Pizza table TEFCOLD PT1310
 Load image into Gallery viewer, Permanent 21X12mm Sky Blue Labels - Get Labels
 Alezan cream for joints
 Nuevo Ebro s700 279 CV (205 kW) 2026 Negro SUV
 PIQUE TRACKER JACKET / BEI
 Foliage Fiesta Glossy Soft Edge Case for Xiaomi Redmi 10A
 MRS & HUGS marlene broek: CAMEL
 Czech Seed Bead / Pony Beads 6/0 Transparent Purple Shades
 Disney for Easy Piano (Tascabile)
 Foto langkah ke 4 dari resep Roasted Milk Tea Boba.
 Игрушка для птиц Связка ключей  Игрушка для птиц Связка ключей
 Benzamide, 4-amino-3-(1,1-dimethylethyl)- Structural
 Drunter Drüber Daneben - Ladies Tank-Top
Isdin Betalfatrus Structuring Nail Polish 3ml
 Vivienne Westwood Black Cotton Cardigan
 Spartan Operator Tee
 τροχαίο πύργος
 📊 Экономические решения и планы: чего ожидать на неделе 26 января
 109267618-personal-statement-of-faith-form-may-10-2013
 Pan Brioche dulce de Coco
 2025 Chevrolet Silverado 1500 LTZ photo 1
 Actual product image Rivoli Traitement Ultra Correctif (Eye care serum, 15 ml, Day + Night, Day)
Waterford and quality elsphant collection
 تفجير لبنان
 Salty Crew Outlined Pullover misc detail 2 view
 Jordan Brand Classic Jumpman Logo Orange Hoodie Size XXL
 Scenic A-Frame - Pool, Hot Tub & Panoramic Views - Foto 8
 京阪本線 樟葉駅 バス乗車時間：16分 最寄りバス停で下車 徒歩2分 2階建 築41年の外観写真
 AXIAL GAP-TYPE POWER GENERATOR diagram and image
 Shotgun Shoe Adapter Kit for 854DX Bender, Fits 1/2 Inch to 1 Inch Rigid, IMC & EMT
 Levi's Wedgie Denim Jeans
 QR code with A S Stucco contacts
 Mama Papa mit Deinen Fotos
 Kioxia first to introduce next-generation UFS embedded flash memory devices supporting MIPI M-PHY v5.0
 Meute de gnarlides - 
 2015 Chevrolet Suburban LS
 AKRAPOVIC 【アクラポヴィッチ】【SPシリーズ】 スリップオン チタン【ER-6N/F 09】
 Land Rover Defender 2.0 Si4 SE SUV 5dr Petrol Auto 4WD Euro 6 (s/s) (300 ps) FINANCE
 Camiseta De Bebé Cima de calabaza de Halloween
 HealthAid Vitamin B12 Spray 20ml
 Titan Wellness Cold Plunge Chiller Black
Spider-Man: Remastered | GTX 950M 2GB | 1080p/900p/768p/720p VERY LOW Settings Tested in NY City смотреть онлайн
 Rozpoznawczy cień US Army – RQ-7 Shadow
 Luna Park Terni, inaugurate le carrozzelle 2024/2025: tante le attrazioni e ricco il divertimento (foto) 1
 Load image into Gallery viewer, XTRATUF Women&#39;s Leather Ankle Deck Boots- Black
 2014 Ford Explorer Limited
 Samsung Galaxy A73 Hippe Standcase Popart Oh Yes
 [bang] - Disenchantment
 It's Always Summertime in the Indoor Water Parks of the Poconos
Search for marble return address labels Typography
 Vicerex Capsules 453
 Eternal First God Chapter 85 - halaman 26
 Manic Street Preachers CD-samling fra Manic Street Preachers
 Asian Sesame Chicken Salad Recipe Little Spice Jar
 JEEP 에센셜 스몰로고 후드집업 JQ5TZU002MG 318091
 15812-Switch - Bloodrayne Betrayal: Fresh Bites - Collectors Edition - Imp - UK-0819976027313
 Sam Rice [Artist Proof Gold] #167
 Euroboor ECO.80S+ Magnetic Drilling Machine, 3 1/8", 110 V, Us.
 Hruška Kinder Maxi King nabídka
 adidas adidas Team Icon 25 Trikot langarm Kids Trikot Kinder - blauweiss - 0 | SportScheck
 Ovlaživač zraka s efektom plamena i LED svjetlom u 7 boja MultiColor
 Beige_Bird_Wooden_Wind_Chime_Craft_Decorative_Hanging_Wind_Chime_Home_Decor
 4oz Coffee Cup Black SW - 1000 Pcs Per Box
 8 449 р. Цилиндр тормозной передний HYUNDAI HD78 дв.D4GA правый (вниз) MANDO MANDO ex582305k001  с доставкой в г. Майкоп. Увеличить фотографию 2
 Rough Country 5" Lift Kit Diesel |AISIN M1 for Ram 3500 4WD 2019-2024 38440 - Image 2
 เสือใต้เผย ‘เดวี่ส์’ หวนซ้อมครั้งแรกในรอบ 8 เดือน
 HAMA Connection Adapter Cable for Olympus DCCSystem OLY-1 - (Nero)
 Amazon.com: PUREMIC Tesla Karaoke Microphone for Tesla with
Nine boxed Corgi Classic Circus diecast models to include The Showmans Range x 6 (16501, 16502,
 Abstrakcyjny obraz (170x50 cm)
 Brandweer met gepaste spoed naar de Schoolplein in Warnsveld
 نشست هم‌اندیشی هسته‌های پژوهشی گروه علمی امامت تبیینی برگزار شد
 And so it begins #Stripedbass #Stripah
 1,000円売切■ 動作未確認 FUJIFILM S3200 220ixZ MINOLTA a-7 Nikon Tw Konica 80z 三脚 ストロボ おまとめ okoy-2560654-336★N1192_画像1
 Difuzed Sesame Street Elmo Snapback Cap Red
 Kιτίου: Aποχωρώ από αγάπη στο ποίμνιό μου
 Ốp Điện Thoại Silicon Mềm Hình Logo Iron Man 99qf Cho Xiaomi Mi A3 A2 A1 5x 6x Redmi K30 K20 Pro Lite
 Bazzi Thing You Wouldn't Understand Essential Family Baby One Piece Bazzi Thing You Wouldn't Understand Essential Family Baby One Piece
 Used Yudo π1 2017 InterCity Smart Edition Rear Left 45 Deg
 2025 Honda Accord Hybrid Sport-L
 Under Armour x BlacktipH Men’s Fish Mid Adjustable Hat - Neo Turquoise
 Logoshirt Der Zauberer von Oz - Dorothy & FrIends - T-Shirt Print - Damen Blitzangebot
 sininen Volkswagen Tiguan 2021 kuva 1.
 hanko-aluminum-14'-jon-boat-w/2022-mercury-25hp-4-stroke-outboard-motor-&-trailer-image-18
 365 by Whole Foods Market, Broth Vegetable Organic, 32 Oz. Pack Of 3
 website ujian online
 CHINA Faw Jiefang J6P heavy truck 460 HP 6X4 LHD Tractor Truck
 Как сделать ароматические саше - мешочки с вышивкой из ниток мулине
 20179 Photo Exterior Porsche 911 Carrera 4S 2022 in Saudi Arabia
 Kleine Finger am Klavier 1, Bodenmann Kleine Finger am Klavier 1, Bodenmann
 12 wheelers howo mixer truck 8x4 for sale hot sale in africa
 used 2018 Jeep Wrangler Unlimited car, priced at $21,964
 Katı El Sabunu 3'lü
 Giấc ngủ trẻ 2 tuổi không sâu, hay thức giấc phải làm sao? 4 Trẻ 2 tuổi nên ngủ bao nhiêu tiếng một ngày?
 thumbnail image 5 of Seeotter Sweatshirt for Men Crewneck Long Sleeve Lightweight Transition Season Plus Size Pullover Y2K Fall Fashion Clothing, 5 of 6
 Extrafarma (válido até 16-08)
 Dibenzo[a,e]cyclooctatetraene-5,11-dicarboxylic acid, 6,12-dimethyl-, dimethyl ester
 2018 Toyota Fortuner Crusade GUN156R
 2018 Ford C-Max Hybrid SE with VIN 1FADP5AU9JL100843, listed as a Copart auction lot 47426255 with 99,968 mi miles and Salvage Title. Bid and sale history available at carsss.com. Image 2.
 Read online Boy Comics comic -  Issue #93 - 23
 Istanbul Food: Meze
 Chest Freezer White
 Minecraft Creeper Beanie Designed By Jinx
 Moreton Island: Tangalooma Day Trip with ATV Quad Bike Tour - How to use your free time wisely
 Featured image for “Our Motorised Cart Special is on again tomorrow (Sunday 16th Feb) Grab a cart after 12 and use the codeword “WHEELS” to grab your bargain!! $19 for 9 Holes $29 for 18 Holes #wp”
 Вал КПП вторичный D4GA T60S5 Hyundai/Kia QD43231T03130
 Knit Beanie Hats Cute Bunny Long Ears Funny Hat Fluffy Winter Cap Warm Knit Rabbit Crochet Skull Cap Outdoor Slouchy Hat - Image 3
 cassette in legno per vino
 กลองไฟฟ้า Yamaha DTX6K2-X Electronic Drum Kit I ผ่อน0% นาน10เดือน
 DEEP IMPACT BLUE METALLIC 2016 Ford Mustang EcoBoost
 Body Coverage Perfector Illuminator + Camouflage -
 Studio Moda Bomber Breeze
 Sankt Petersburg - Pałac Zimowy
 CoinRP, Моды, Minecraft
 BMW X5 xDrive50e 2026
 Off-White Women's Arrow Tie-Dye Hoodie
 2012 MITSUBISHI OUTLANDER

________________________________________

*How to complete this task:*
Reproduce, exactly as they stand in the data above, the lines from the one that holds "AXIAL GAP-TYPE POWER" to the one that holds "Kioxia first to", inclusive.

*Answer section:*
 AXIAL GAP-TYPE POWER GENERATOR diagram and image
 Shotgun Shoe Adapter Kit for 854DX Bender, Fits 1/2 Inch to 1 Inch Rigid, IMC & EMT
 Levi's Wedgie Denim Jeans
 QR code with A S Stucco contacts
 Mama Papa mit Deinen Fotos
 Kioxia first to introduce next-generation UFS embedded flash memory devices supporting MIPI M-PHY v5.0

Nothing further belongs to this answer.